Provided data Start Marker

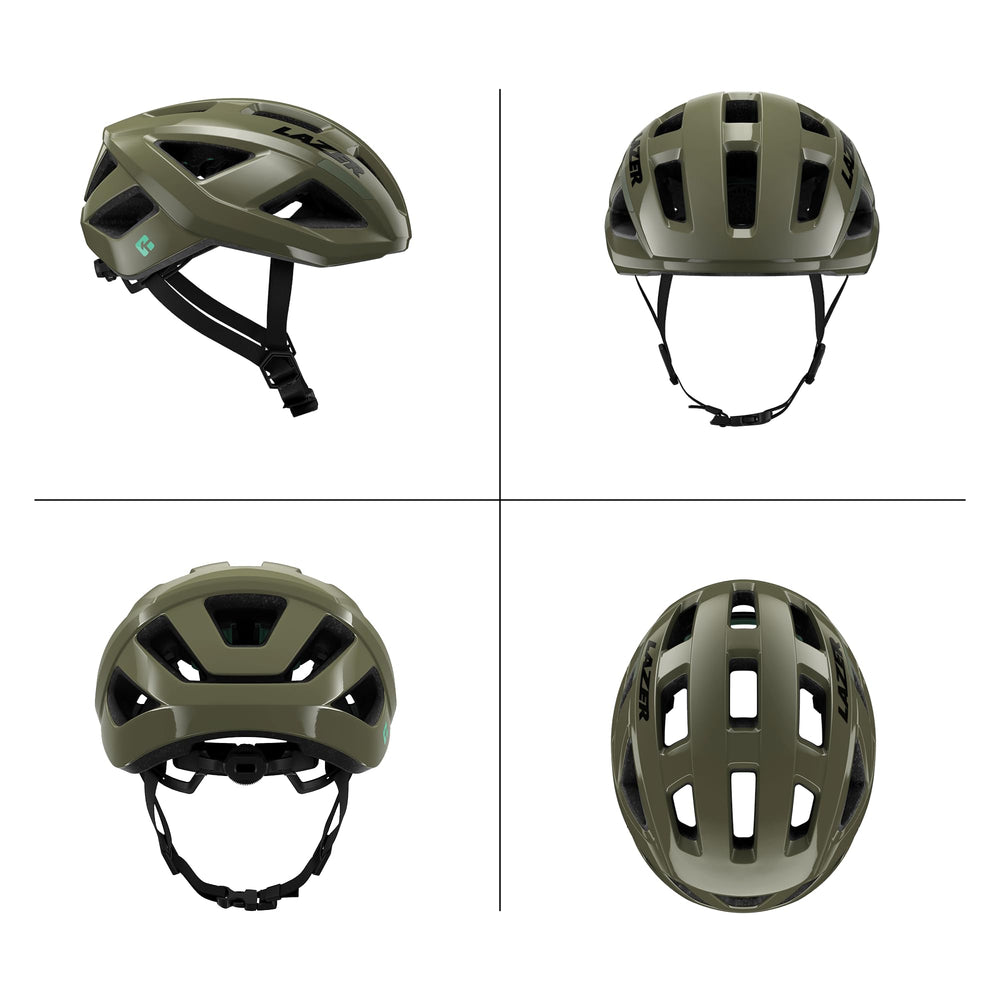 LAZER Tonic KinetiCore helmet back view with LED-ready design for enhanced visibility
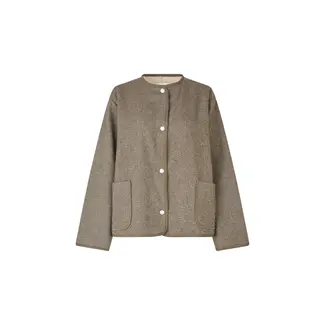 Lollys Laundry YARRA JACKET LS DARK MOKKA
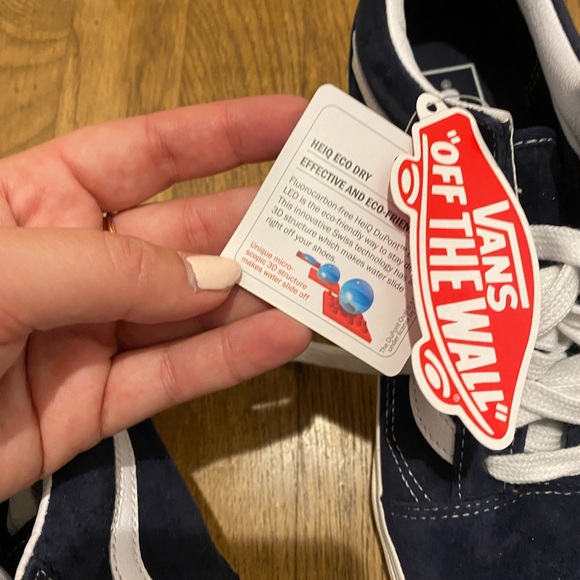 Navy Suede Vans Sneakers - Picture 2 of 3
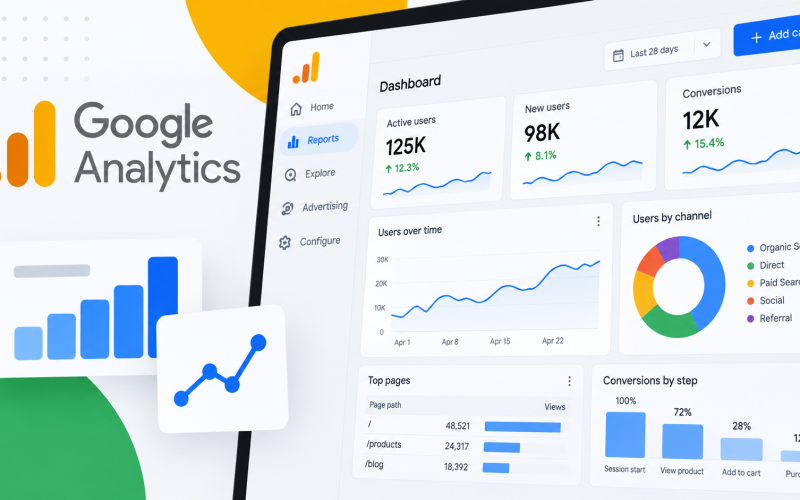Google Analytics apresenta Dashboards personalizáveis para relatórios mais práticos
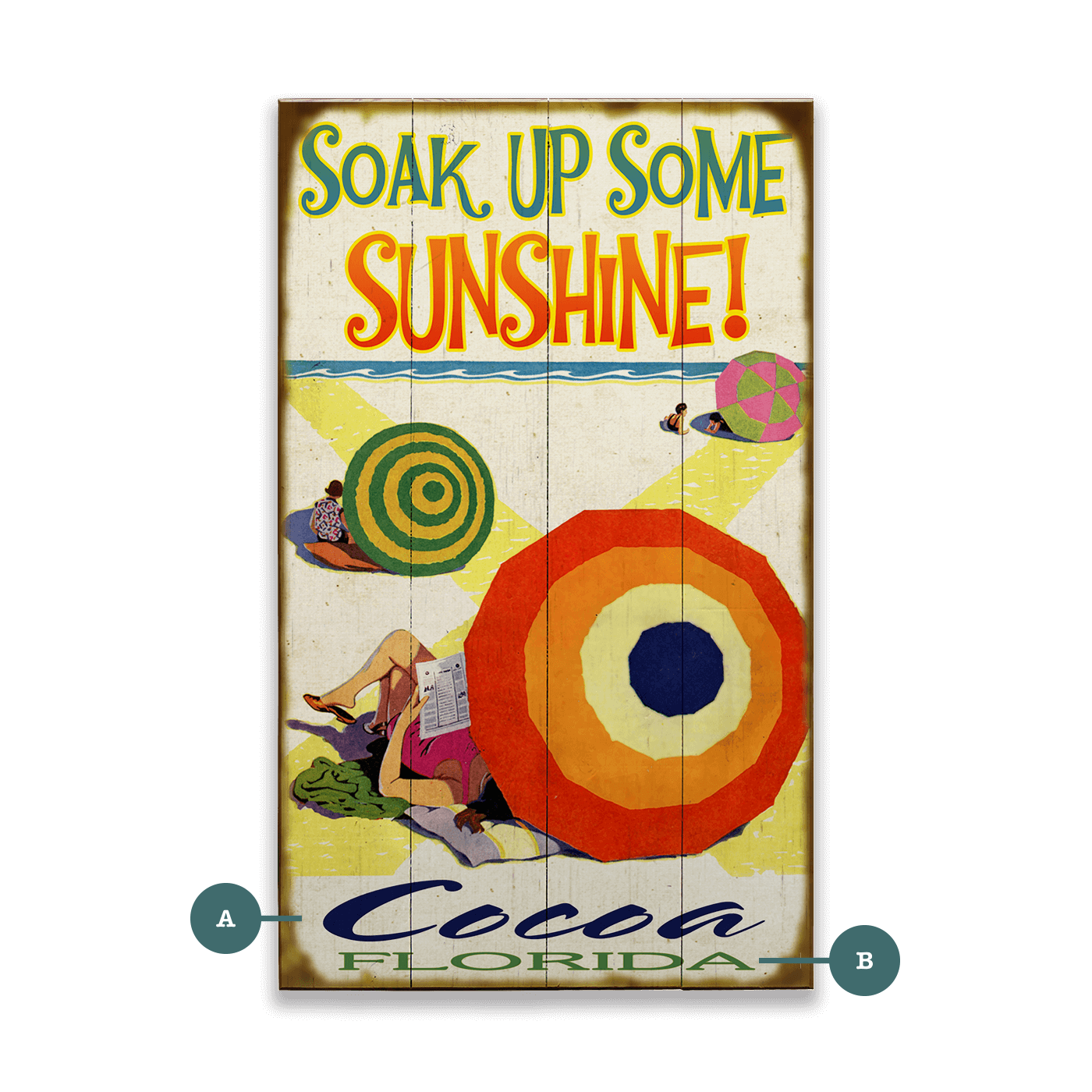 Soak Up Some Sunshine! - Wood & Metal Wall Art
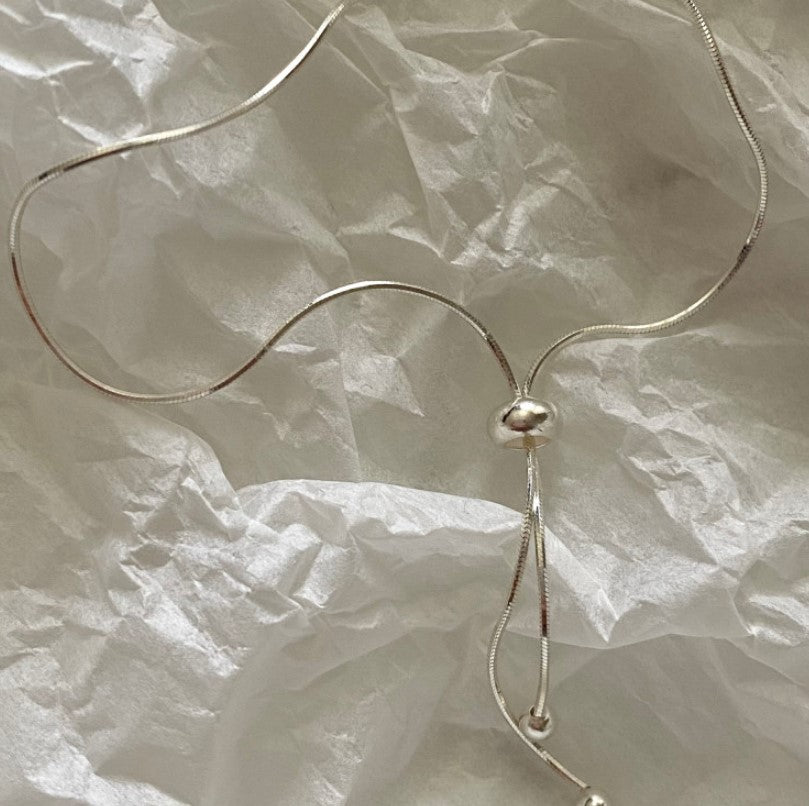 Pulsera de cadena de serpiente minimalista de plata de ley 925 para mujer con acabado chapado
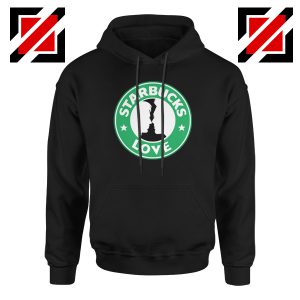Love Women Hoodie Starbucks Parody Hoodie Size S-2XL Black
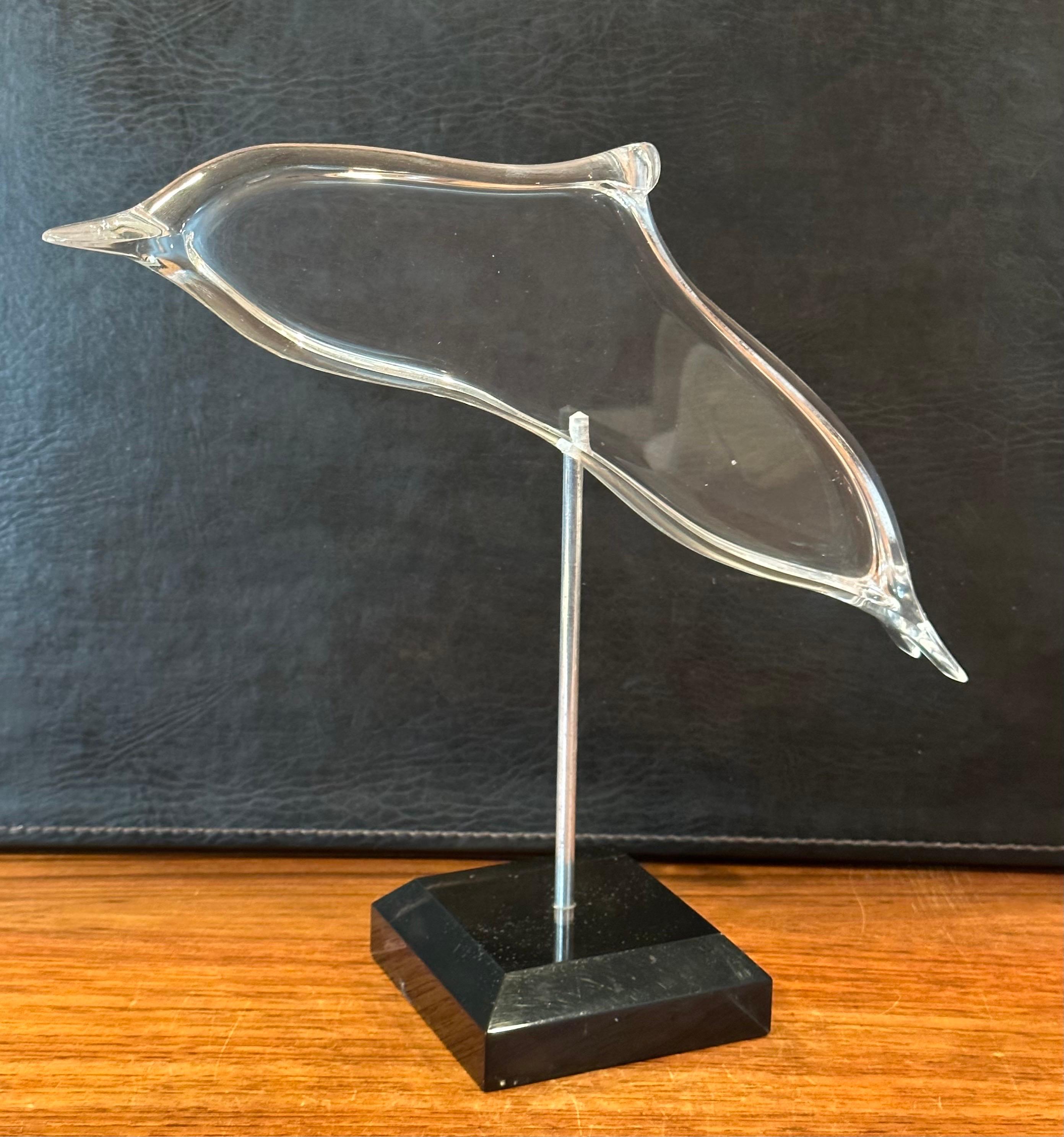 Clear Lucite Whale Sculpture  For Sale 1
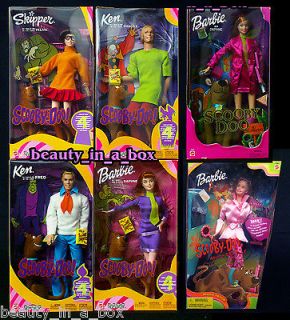 SCOOBY DOO ~ Excellent Boxes ~ Daphne Velma Fred Shaggy Barbie Ken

Provided data End Marker

What you have to do
Leave out the pictures and give the rest of the material again, unaltered.

Output for this exercise
 LAZER Tonic KinetiCore helmet back view with LED-ready design for enhanced visibility
 Lollys Laundry YARRA JACKET LS DARK MOKKA
 Navy Suede Vans Sneakers - Picture 2 of 3
Google Analytics apresenta Dashboards personalizáveis para relatórios mais práticos
 Soak Up Some Sunshine! - Wood & Metal Wall Art
 Pulsera de cadena de serpiente minimalista de plata de ley 925 para mujer con acabado chapado
Love Women Hoodie Starbucks Parody Hoodie Size S-2XL Black
 Clear Lucite Whale Sculpture  For Sale 1
 SCOOBY DOO ~ Excellent Boxes ~ Daphne Velma Fred Shaggy Barbie Ken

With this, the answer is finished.